For more advice, check out our feature on how to find angel investors for your start-up business.


6. Bootstrapping

Of course, business funding is by no means easy to come by. If you’re finding it difficult to obtain – or you’re otherwise not tempted by any of the above sources of business finance – you might decide to bootstrap your start-up.

A bootstrapped business is one which takes in no external funding: rather, the founder starts it up with their own personal finances, and reinvests the business’ revenues into growth and development.

In facing roadblocks where spending money can’t be the answer, you’ll find that you’ll adopt a more innovative mindset, coming up with unique and sustainable solutions and methods.

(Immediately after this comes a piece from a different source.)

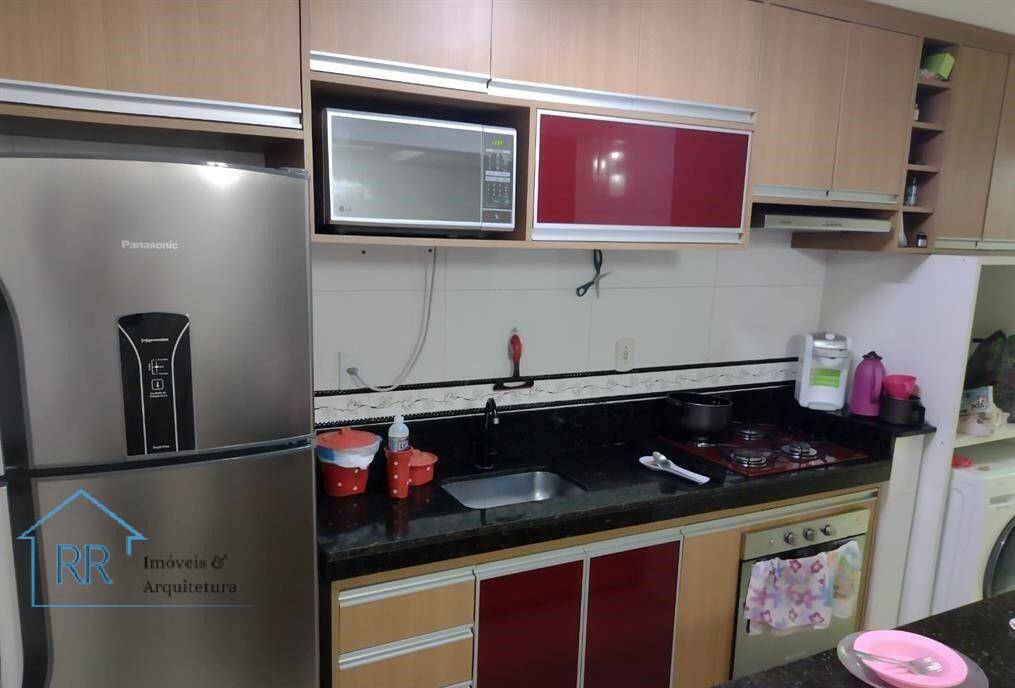 Apartamento à venda com 3 quartos, 80m² - Foto 1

How can I bootstrap successfully?

When bootstrapping, you’ll need to be as lean as possible – there’s no room to splurge on television ads or hire a team right off the bat.

Instead, focus on what you can achieve with limited funds; such as running social media campaigns, using freelancers and renting (rather than buying) equipment and premises.

It’s far easier to bootstrap a business that can, by its nature, be launched and ran with very little capital.

Check out our list of 10 small business ideas that can be started on a shoestring, and our collection of start-up guides for businesses that’ll cost less that £10,000 to get going.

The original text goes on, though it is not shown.